— Task requirements —
Go through the entries and say how many lines contain the string "Birthday". The number is the whole answer.

— Data provided —
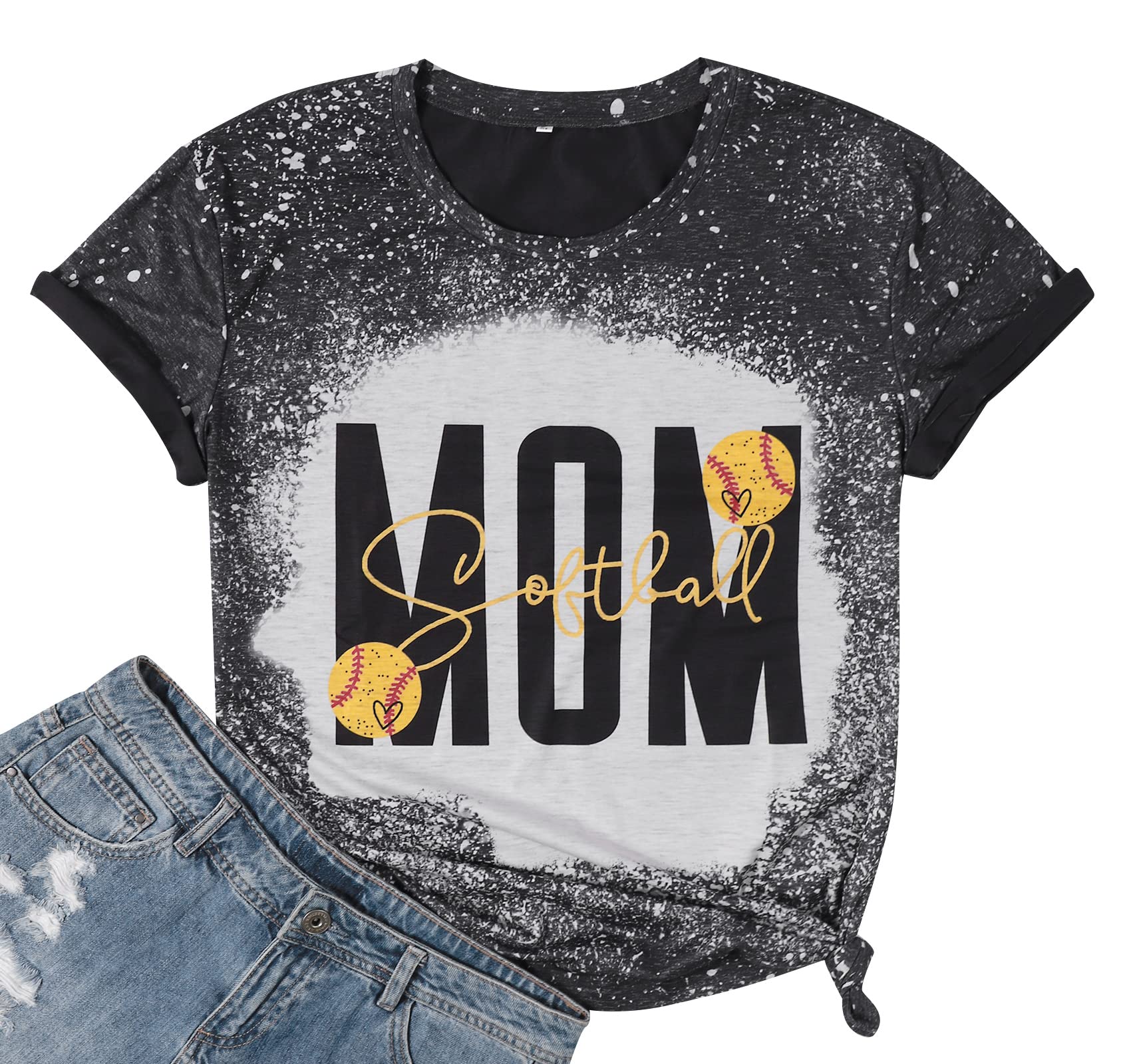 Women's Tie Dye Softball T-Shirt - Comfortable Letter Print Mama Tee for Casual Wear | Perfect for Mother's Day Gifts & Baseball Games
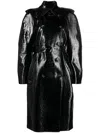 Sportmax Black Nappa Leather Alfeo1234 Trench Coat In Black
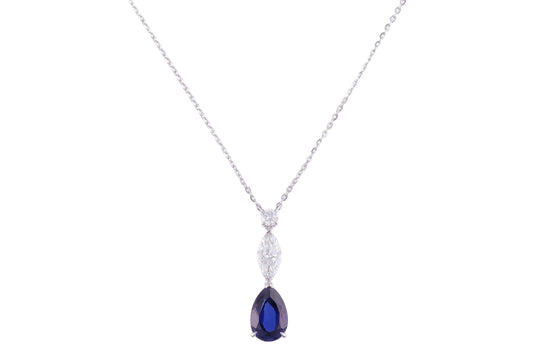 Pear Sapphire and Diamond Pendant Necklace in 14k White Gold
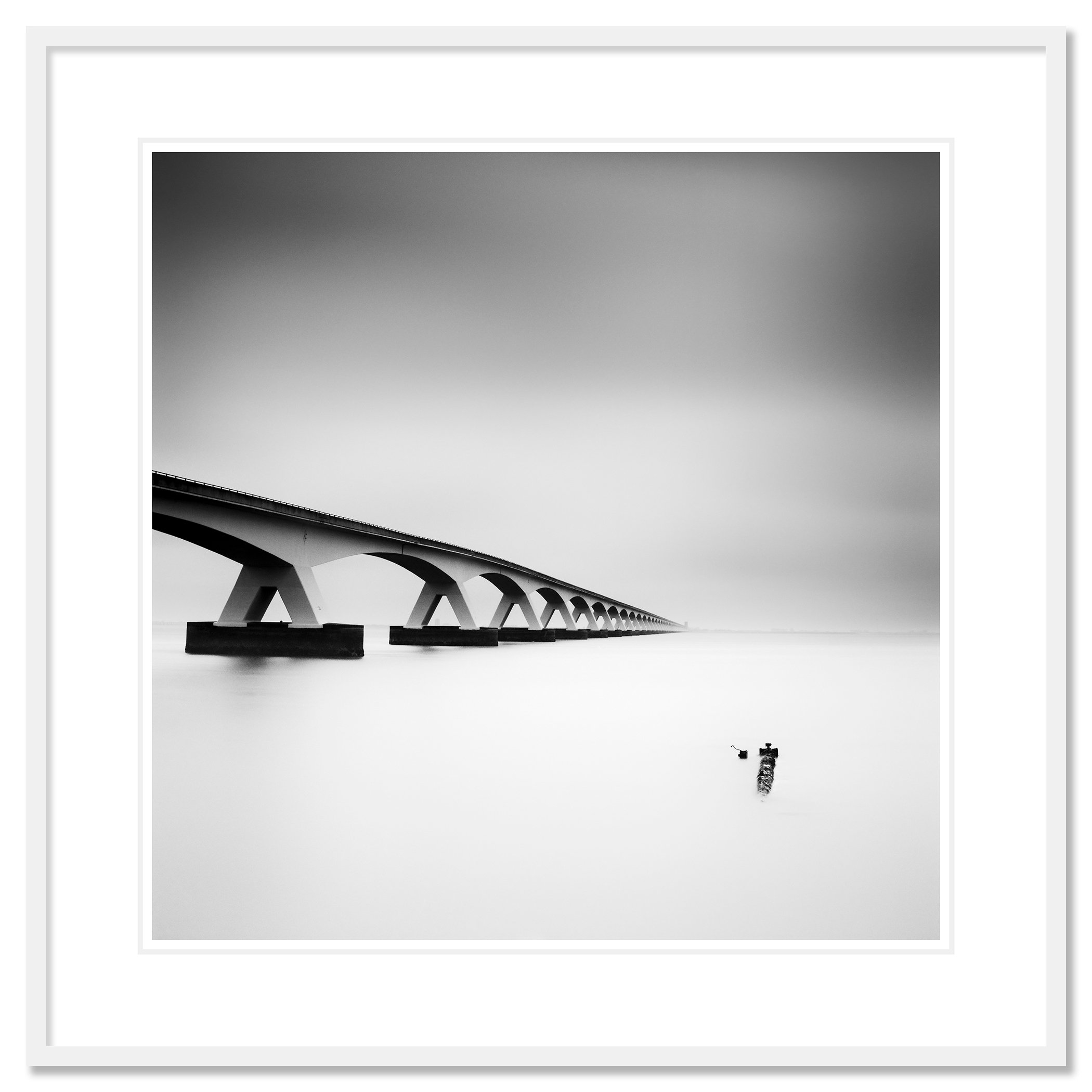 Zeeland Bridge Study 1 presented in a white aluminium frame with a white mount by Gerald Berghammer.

* * *

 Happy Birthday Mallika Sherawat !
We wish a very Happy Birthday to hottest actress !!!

---

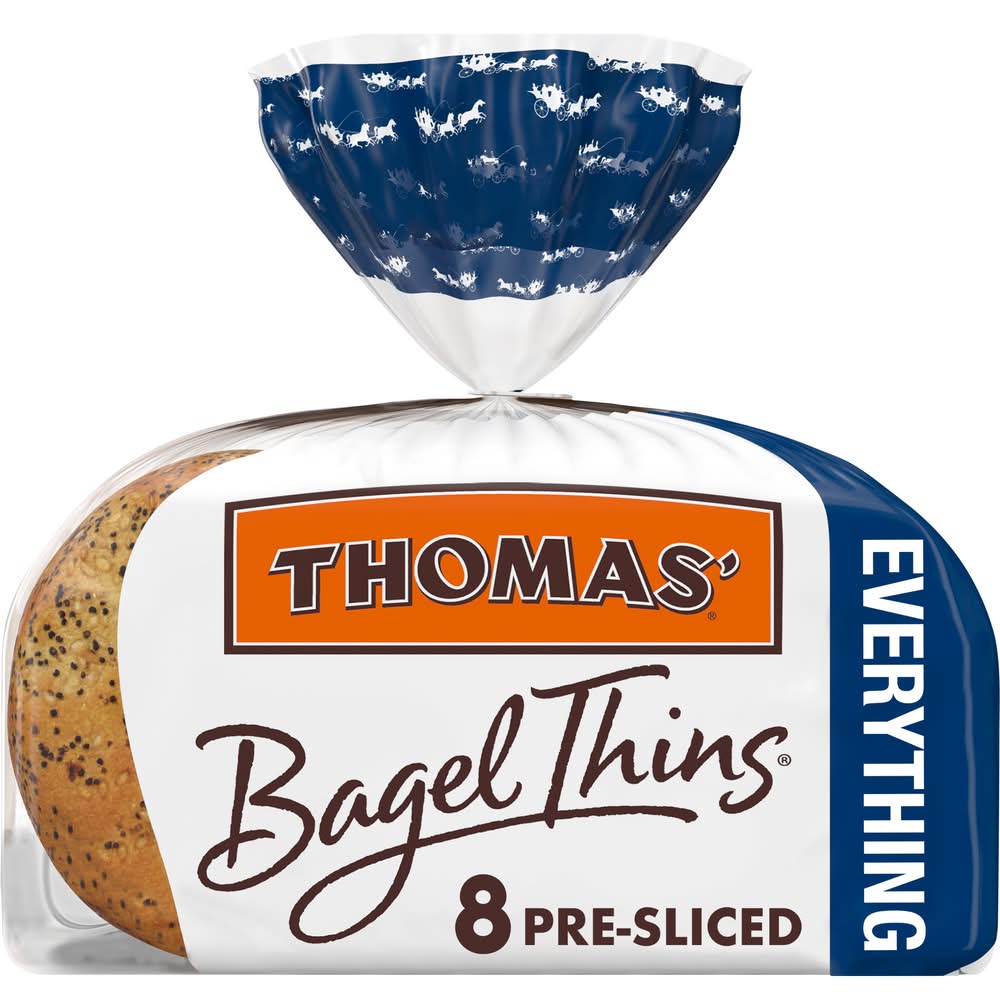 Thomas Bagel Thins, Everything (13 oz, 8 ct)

— Output for this task —
2